Experience is a term that bankruptcy attorneys throw around a lot. It is certainly important that your bankruptcy attorney has experience. But is there a point at which too much experience, or maybe too many cases, becomes a bad thing? Do you want to hire the attorney who files the largest number of Utah bankruptcy petitions?
I don’t think you do.
The bankruptcy firms that file the most bankruptcy petitions are known as “bankruptcy mills”. A bankruptcy mill is a law firm that performs a ridiculously high volume of bankruptcy filings. They are the fast food restaurants of the bankruptcy industry. If you want a fast and cheap hamburger, you may drive through at McDonalds. They sell more hamburgers than anyone. But they’re not good hamburgers, are they? Not when you compare them to a hamburger you can get in a restaurant, especially if the chef who prepares the hamburger really takes pride in his work. The McDonald’s hamburger is made from the cheapest frozen meat available, and put together by the dozen, in a hurry, by someone who – no disrespect intended – probably doesn’t care too much whether it is the best burger they’ve ever prepared.
I don’t know about you, but I’d prefer to get a hamburger prepared to order by a chef who takes pride in his work.
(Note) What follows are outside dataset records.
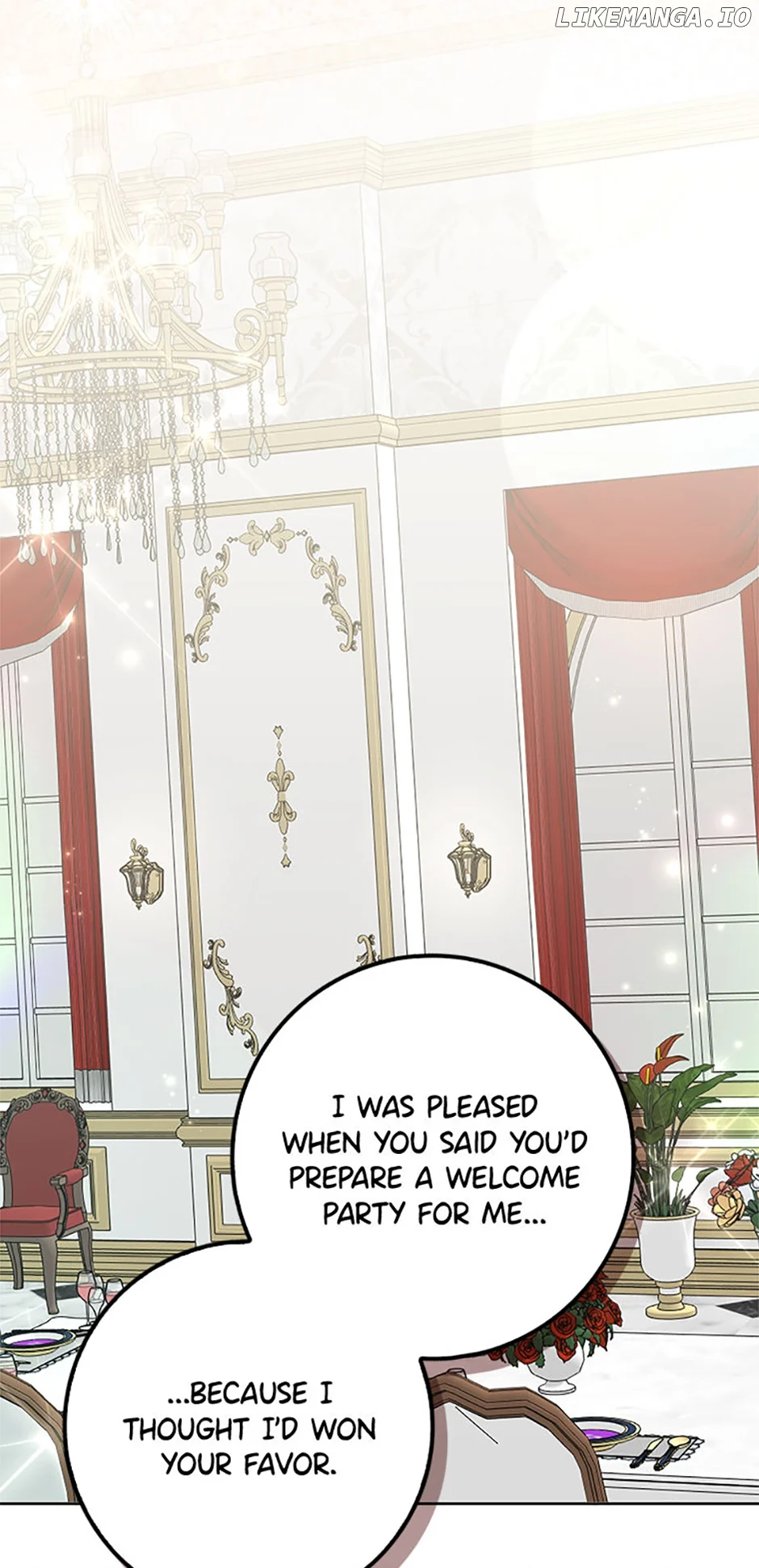 That Fishery, I’ll take it Chapter 42 238 12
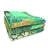 Advika Handmade Kantha Silk Blend Throw Blanket-854250060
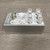 Used - Earthquaker Devices SPACE SPIRAL Delay Pedal 40087-S000242146 View 4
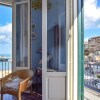 Отель Awesome Apartment in Castellammare D.g. With 3 Bedrooms and Wifi, фото 10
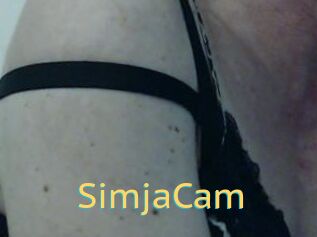 SimjaCam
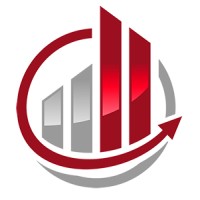 Acme Digital Marketing logo - Similar company to Advanced Digital Technology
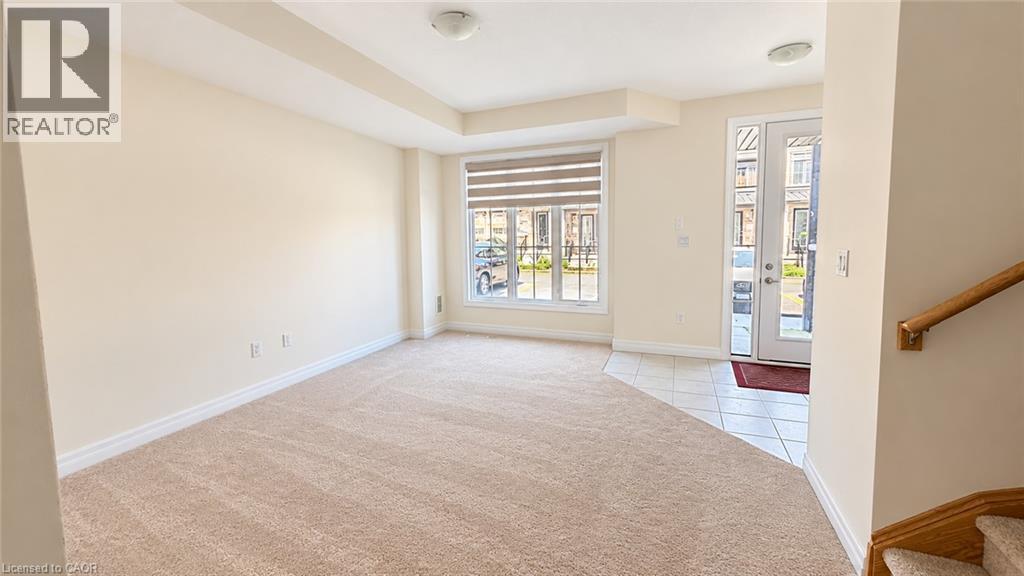 400 NEWMAN Drive Unit# 23 — photo 3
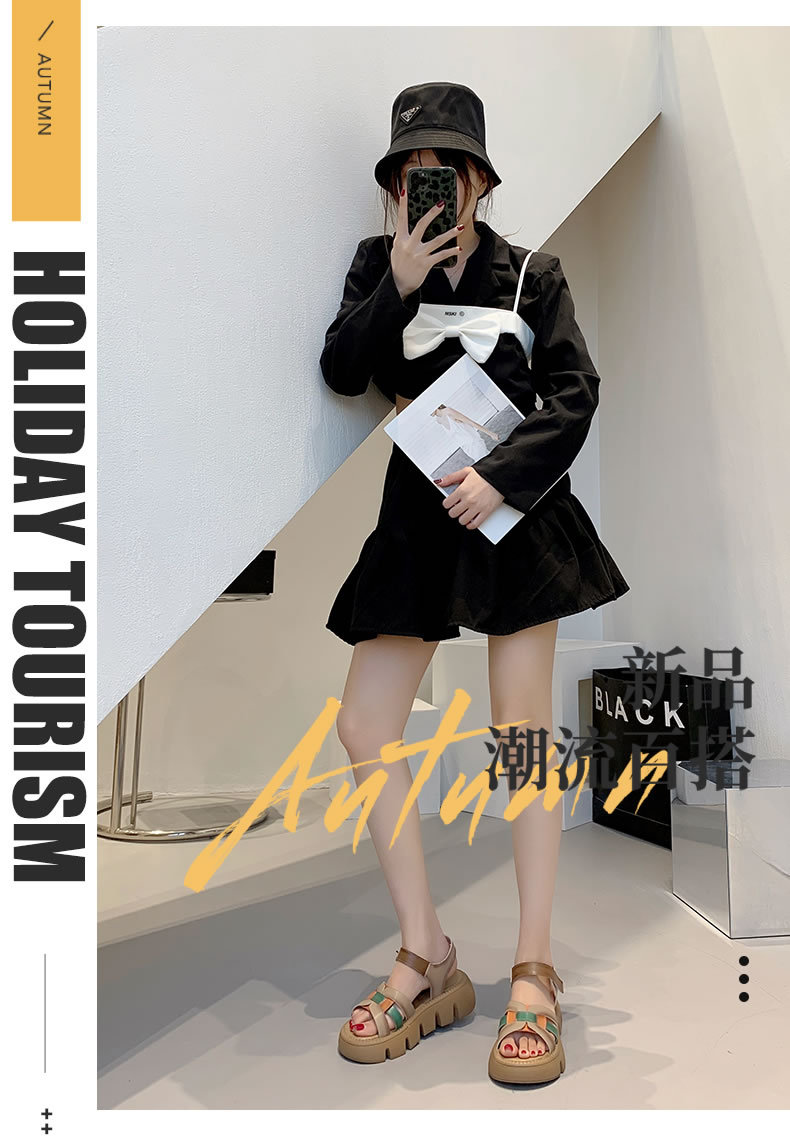 i2uUjf6mxdTrdS48SAR3xF1f/y7ROsLDwHoo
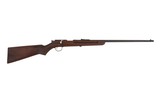 REMINGTON 33 .22 - 1 of 2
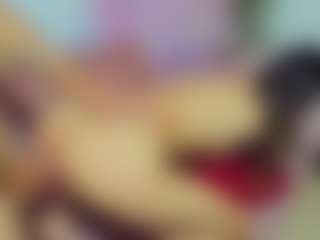 ChloeOhiggins's Live Sex Cam Show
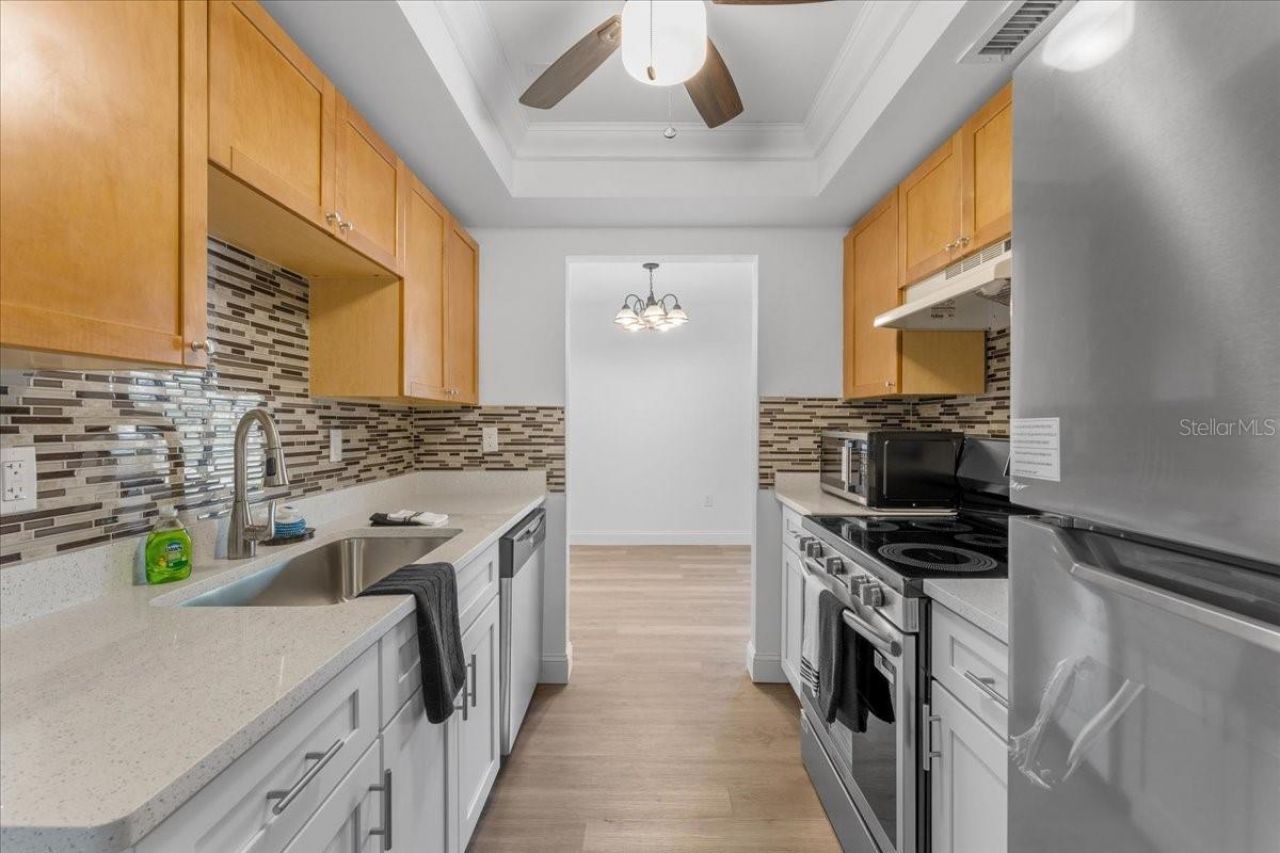 11566 7th Lane N, Unit 1211, Saint Petersburg, FL 33716 Photo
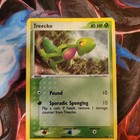 Treecko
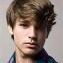 Harvey Richards Photo 17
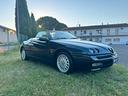 alfa-romeo-spider-916-2-0-twin-spark-lusso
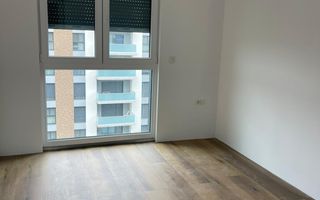 Apartament 2 cam PREMIUM Grand Hill ( Lotus center)+ parcare inclusă - Poză 4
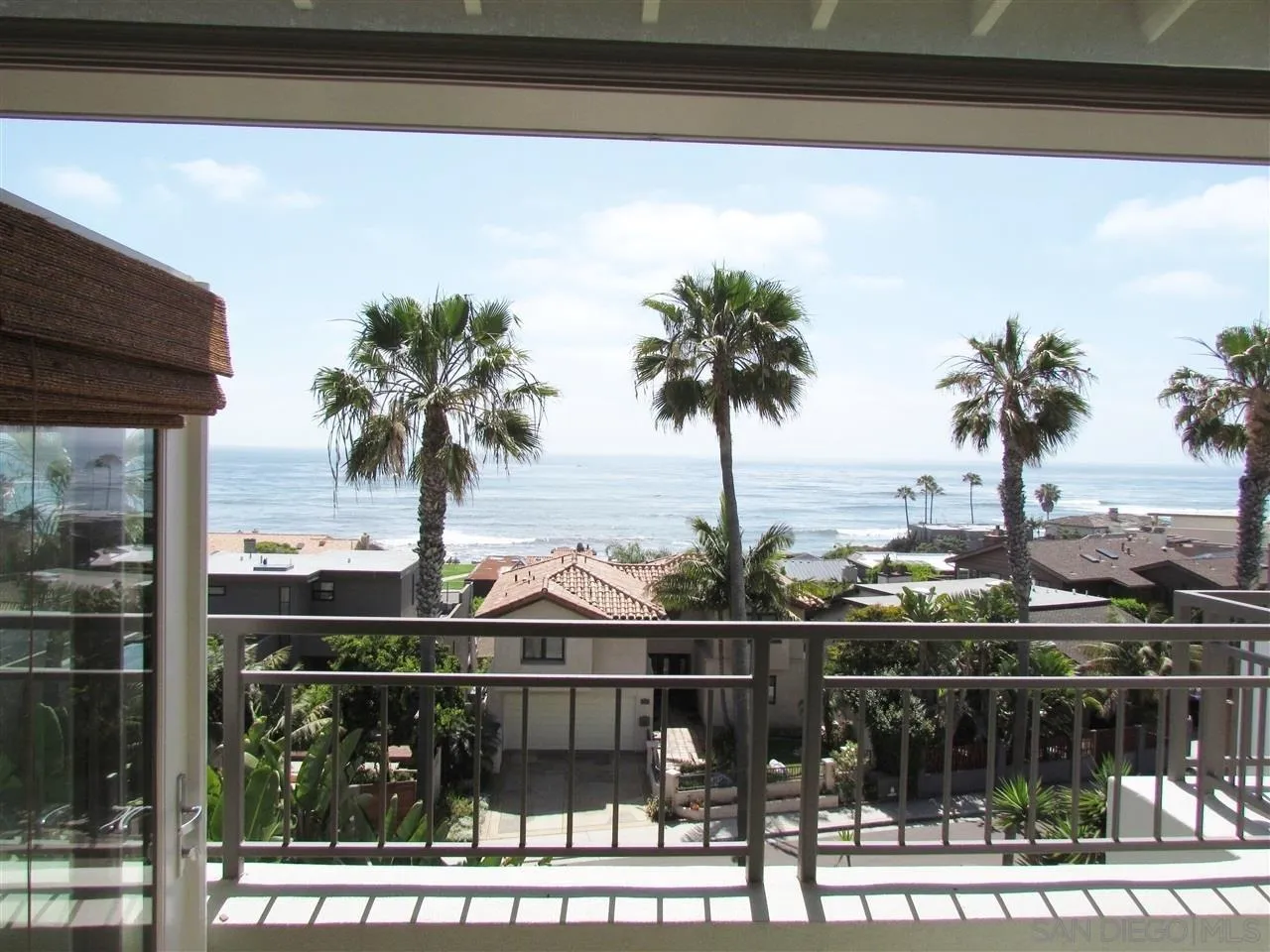 5430 La Jolla Blvd Unit: C302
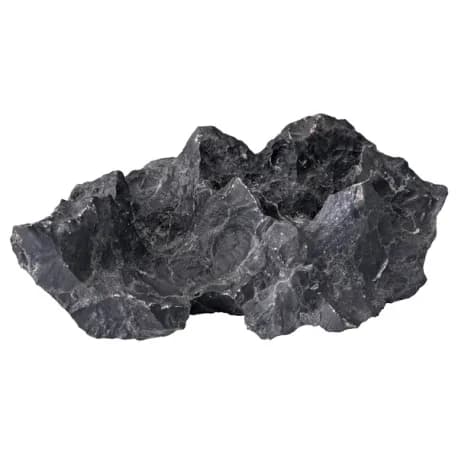 SUPERFISH Aquascape Black rock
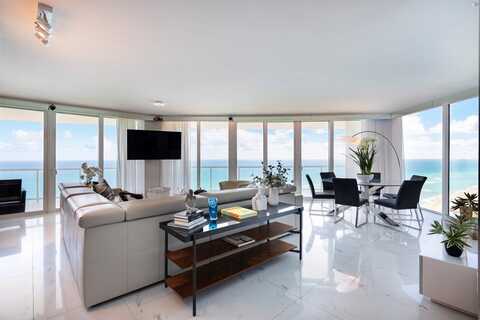 18671 Collins Ave, Sunny Isles Beach, FL 33160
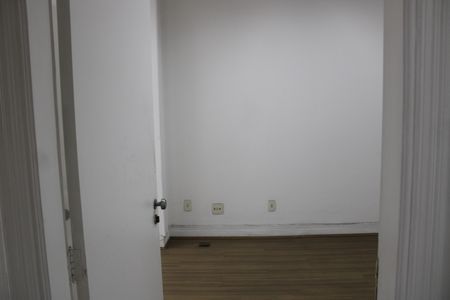 Casa à venda com 120m², 5 quartos e 2 vagasQuarto 1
Especially if it is the only hamburger I’m ever going to order again. When you file bankruptcy, don’t you want it to be the very last time you ever do it? Don’t you want to make sure that it is done correctly, by someone who takes pride in their work?
How do I know if I’ve hired a Bankruptcy Mill?
When you hire a Utah bankruptcy attorney, you should have lots of direct contact with him or her. You should have multiple opportunities to ask that attorney questions about your case, and you should feel that they know you and are familiar with your case. It is OK if that attorney has a staff that assists him or her in preparing your petition, and attending court appearances. But the key word is assist.
You can tell you’re working with a bankruptcy mill if you have lots of contact with staff members, or a rotating cast of attorneys. They will most likely have trouble understanding the particulars of your case, and you may find yourself telling each different attorney or staff member the same thing over and over. They may not be able to answer your questions because they are not familiar with you and your case.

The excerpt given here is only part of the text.